Aqueous-Based Polymer Electrolytes for Solid Energy Storage Systems

Abstract

The rapid growth in printable and wearable electronics has significantly increased the demand for high performance thin, flexible, and light-weight power sources. Solid-state energy storage devices, batteries and supercapacitors, enabled by polymer electrolytes are ideal solutions for such applications. In order to facilitate and promote high throughput and low cost (materials and processes) solid energy storage devices for wearable electronics, the polymer electrolytes should be highly conductive, easy to process, and possess good chemical and environmental stability in ambient conditions. We have developed a series of aqueous-based polymer electrolytes that are proton-conducting, hydroxide ion-conducting or neutral salt ion-conducting to match various cell chemistries. These aqueous-based polymer electrolytes can be applied via casting or printing methods and can potentially be implemented in roll-to-roll operations. One example is the polyacrylamide (PAM) system, in which ionic conducting species together with additives were blended into aqueous polymer matrix. In this work, three ionic conducting systems based on silicotungstic acid (SiWA) as proton-conductor [1], tetraethylammonium hydroxide (TEAOH) as anion conductor [2] and LiCl as neutral ion conductor were investigated.
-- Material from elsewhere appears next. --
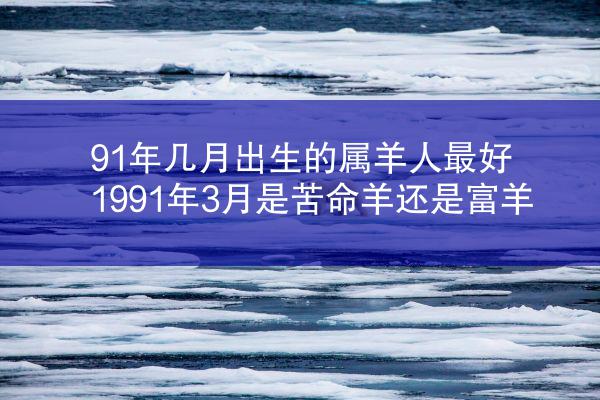 91年几月出生的属羊人最好 1991年3月是苦命羊还是富羊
These three electrolytes all exhibited ionic conductivities > 10-2mS/cm and maintained stable performance under ambient conditions (room temperature and 45% relative humidity). Figure 1 shows a comparison of these 3 polymer electrolytes in terms of their ionic conductivity as a function of storage time. In this talk, an overview of these three polymer electrolytes will be provided. Materials and electrochemical characterizations of the polymer electrolytes as well as their performance in electrochemical double layer capacitors will be discussed and compared.